Principal Shareholders and Control Persons as of June 29, 2012 | | Shareholder and Address | | Percentage of Fund Owned | Type of Ownership |
Balanced Income Fund - Class A Shares | | Randall & Sandra Yoakum c/o Strategic Income Management, LLC 720 Olive Way, Suite 1675 Seattle, WA 98101 | | 22.82% | Beneficial |
| | Gary & Roxanne Pokrzywinski c/o Strategic Income Management, LLC 720 Olive Way, Suite 1675 Seattle, WA 98101 | | 11.22% | Beneficial |
| | First Clearing FBO: Customers 2810 Market Street St. Louis, MO 63103 | | 7.85% | Record |
| | | | | |
Balanced Income Fund - Class C Shares | | First Clearing FBO: Customers 2810 Market Street St. Louis, MO 63103 | | 83.82% | Record |
| | | | | |
| | U.S. Bancorp Investments, Inc. FBO: Customers 60 Livingston Avenue St. Paul, MN 55107 | | 12.44% | Record |
| | | | | |
Equity Income Fund - Class A Shares | | Gary & Roxanne Pokrzywinski c/o Strategic Income Management, LLC 720 Olive Way, Suite 1675 Seattle, WA 98101 | | 16.73% | Beneficial |
| | | | | |
| | Randall & Sandra Yoakum c/o Strategic Income Management, LLC 720 Olive Way, Suite 1675 Seattle, WA 98101 | | 13.86% | Beneficial |
| | | | | |
| | First Clearing FBO: Customers 2810 Market Street St. Louis, MO 63103 | | 10.42% | Record |
| | | | | |
Equity Income Fund - Class C Shares | | First Clearing FBO: Customers 2810 Market Street St. Louis, MO 63103 | | 54.57% | Record |
Any shareholder that owns 25% or more of the outstanding shares of a Fund or a class of a Fund may be presumed to “control” (as that term is defined in the 1940 Act) the Fund or that class. Shareholders with a controlling interest could affect the outcome of proxy voting or the direction of management of a Fund.
AVAILABLE INFORMATION
AST is subject to the requirements of the Securities Exchange Act of 1934, as amended, and the 1940 Act, and in accordance therewith, files reports, proxy material and other information about each of the Funds with the SEC. These documents can be inspected and copied at the SEC’s Public Reference Room in Washington, D.C. (100 F Street, Washington, D.C. 20549 and at certain of the SEC’s regional offices (addresses below). Please call the SEC at 1-202-551-8090 for information relating to the operation of the Public Reference Room. Reports and other information about a Fund are also available on the EDGAR database on the SEC’s Internet site located at http://www.sec.gov. Alternatively, copies of this information may be obtained, upon payment of a duplicating fee, by electronic request to the following e-mail address: publicinfo@sec.gov, or by writing the Public Reference Section of the SEC, Washington, D.C. 20549-1520.
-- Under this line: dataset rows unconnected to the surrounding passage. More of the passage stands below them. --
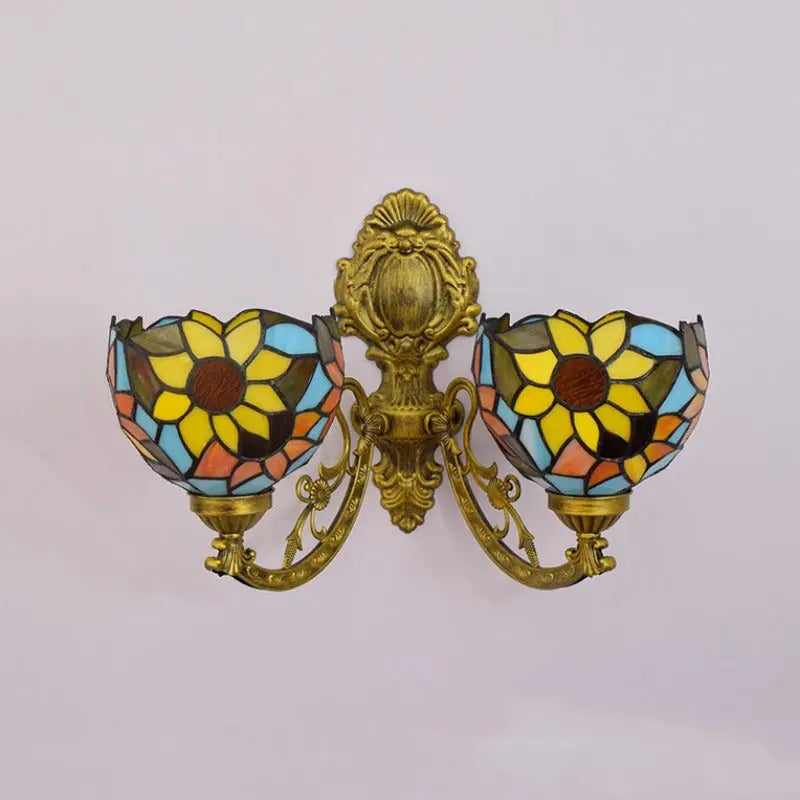 Outdoor Sconces Tiffany Sunflower Stained Glass Double Head Wall Light - CTL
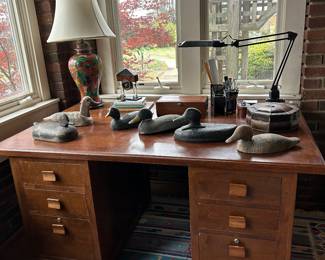 large desk, antique duck decoys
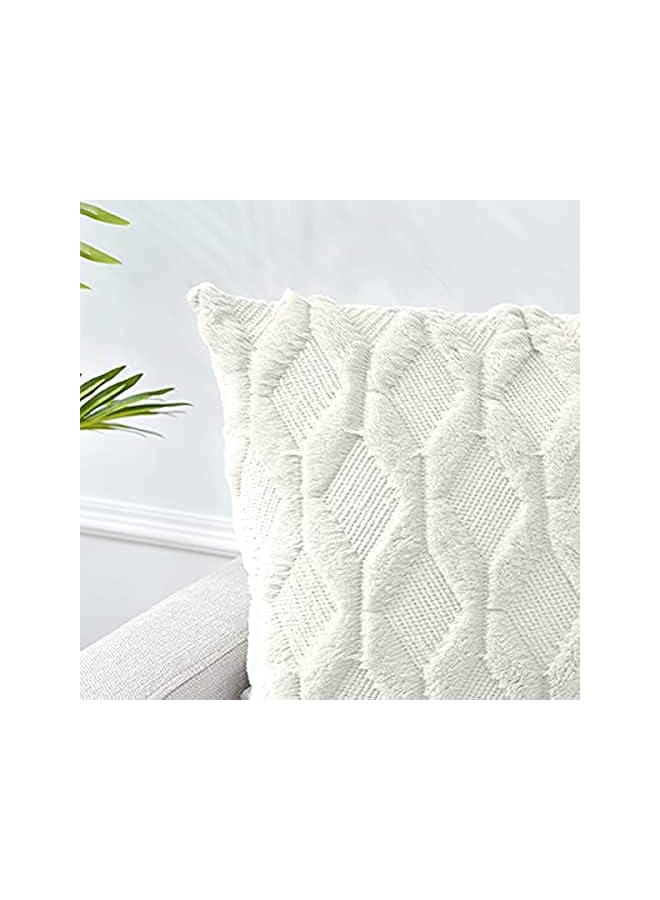 The Bros مجموعة من 2 غطاء وسادة مزخرف من الفرو القصير المخملي الناعم 26x26 بوصة بيج مربع فاخر - Image 3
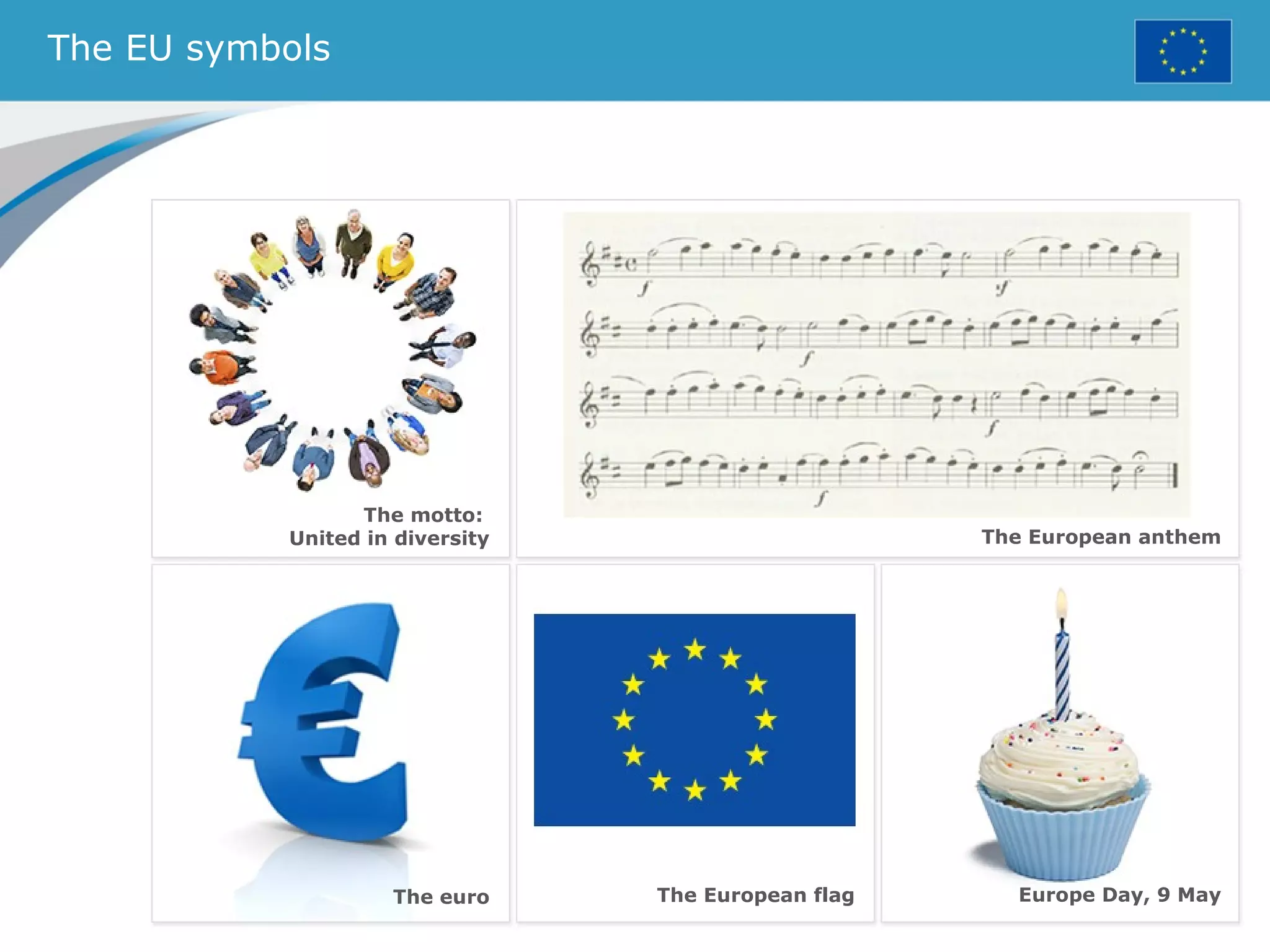 The EU symbols
The European flag
The European anthem
The euro Europe Day, 9 May
The motto:
United in diversity
 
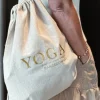 Dansebutikken Tasker Til Yoga-Hør rygsæk/mulepose med guld YOGA skrift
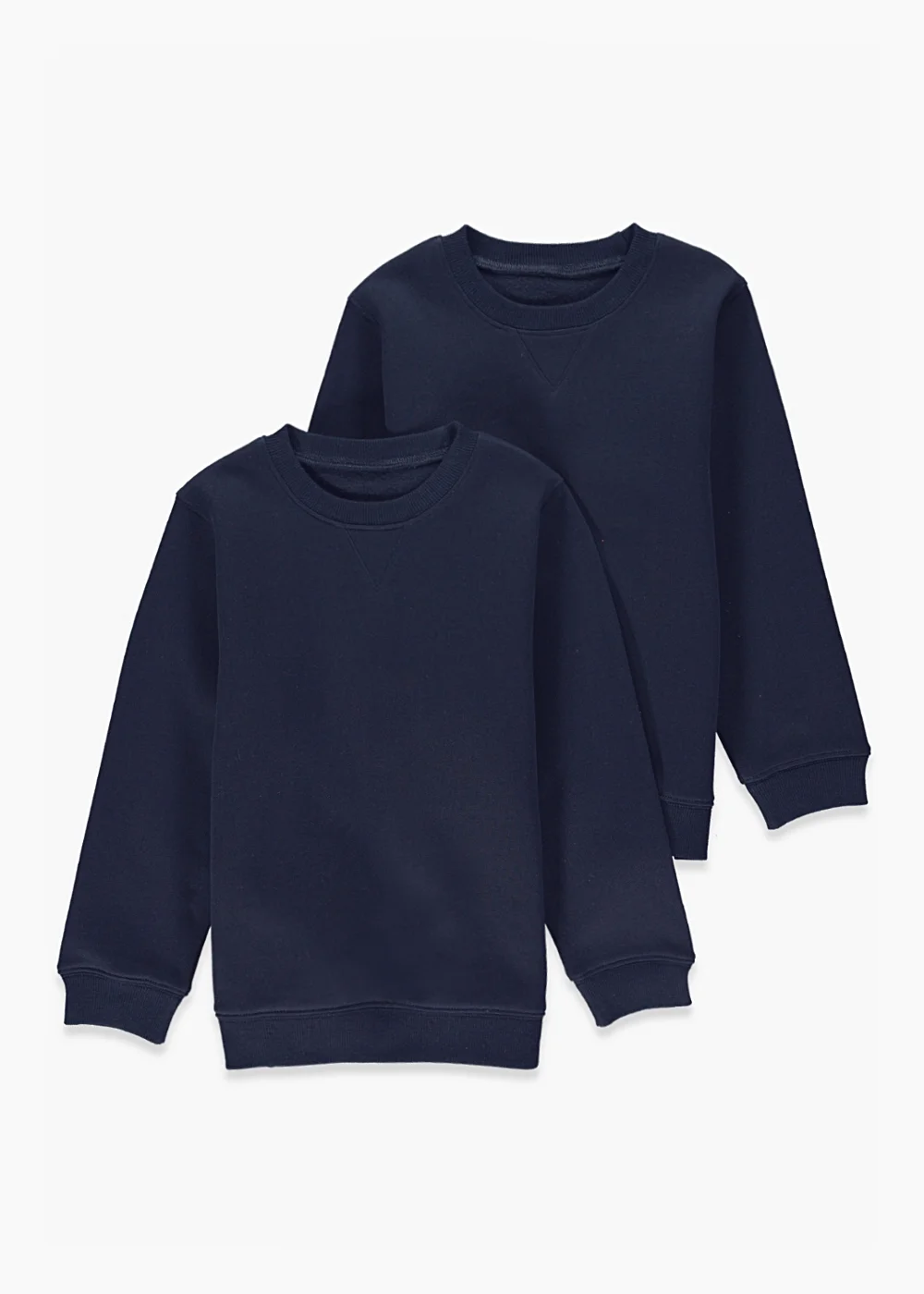 Kids 2 Pack Navy Crew Neck School Sweatshirts (3-13yrs) - 4 Yrs Image 1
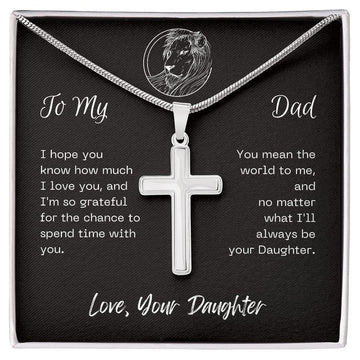 Gift For Dad, Faith Cross Necklace with Gift Box and Heart Warming Message Card, Made in the USA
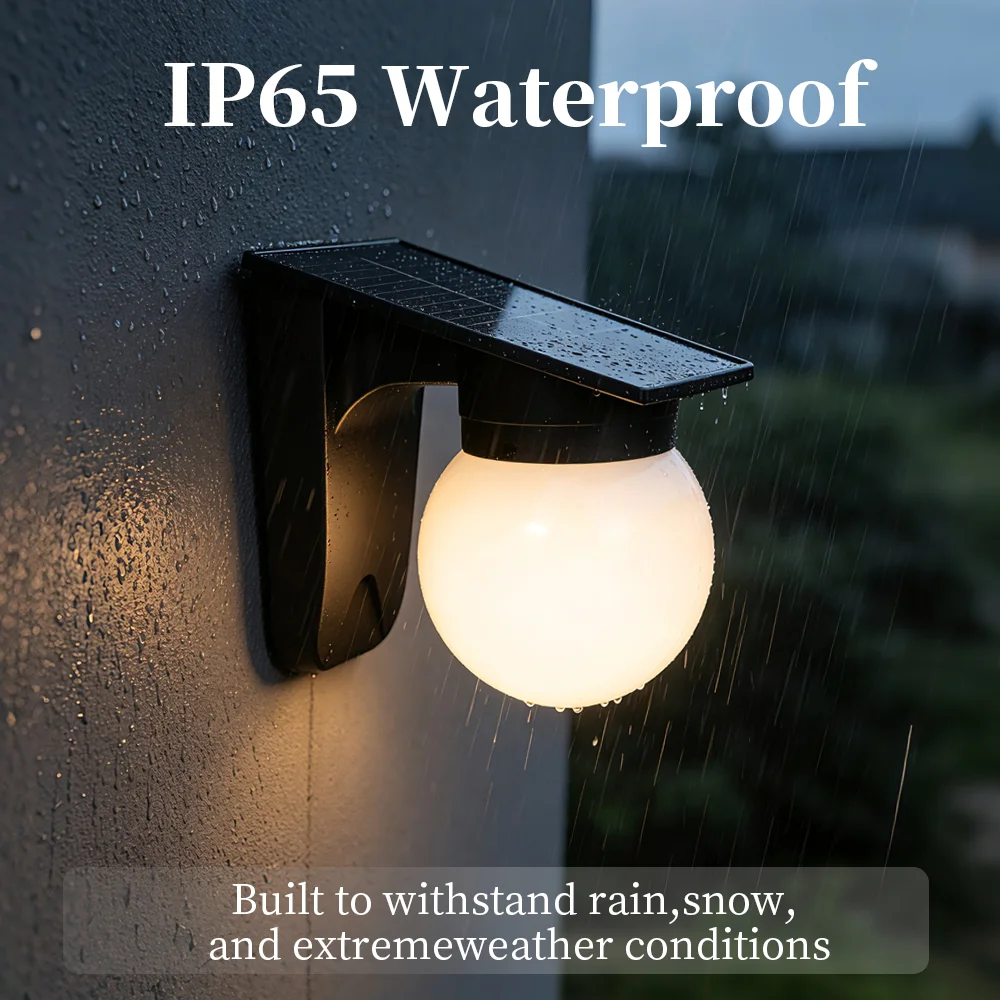 Outdoor Solar LED Wall Lights IP65 Waterproof Wall Sconce 3-Colors Temperature Dimmable Solar Lamp For Garden Porch Patio Fence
SEC Regional Offices: Atlanta – 3475 Lenox Road NE, Suite 1000, Atlanta, GA 30326; Boston – 33 Arch Street, 23rd Floor, Boston, MA 02110; Chicago – 175 West Jackson Blvd., Suite 900, Chicago, IL 60604; Denver – 1801 California Street, Suite 1500, Denver, CO 80202; Fort Worth – Burnett Plaza, Suite 1900, 801 Cherry Street, Unit #18, Fort Worth, TX 76102; Los Angeles – 5670 Wilshire Blvd., 11th Floor, Los Angeles, CA 90036; Miami – 801 Brickell Ave., Suite 1800, Miami, FL 33131; New York – 3 World Financial Center, Suite 400, New York, NY 10281; Philadelphia – The Mellon Independence Center, 701 Market Street, Philadelphia, PA 19106; Salt Lake City – 15 W. South Temple Street, Suite 1800, Salt Lake City, UT 84101; and San Francisco – 44 Montgomery Street, Suite 2600, San Francisco, CA 94104.
LEGAL MATTERS
Certain legal matters concerning the federal income tax consequences of the Reorganization and the issuance of shares of the Equity Income Fund will be passed on by the law firm of Paul Hastings LLP, Park Avenue Tower, 75 East 55th Street, New York, New York, 10022.
EXPERTS
The financial statements and financial highlights of the Balanced Income Fund and the Equity Income Fund incorporated in this information statement/prospectus by reference from the Funds’ Annual Report on Form N-CSR for the fiscal year ended April 30, 2012 have been audited by Tait, Weller & Baker LLP, an independent registered public accounting firm, as stated in their report, which is incorporated herein by reference, and have been so incorporated in reliance upon the report of such firm given upon their authority as experts in accounting and auditing.
OTHER MATTERS
The Balanced Income Fund is not required, and does not intend, to hold regular annual meetings of shareholders. Shareholders wishing to submit proposals for consideration for inclusion in a proxy statement for the next meeting of shareholders should send their written proposals to the Secretary of the Balanced Income Fund at U.S. Bancorp Fund Services, LLC, P.O. Box 701, Milwaukee, Wisconsin 53201-0701, so that they are received within a reasonable time before any such meeting. The timely submission of a proposal does not guarantee its submission.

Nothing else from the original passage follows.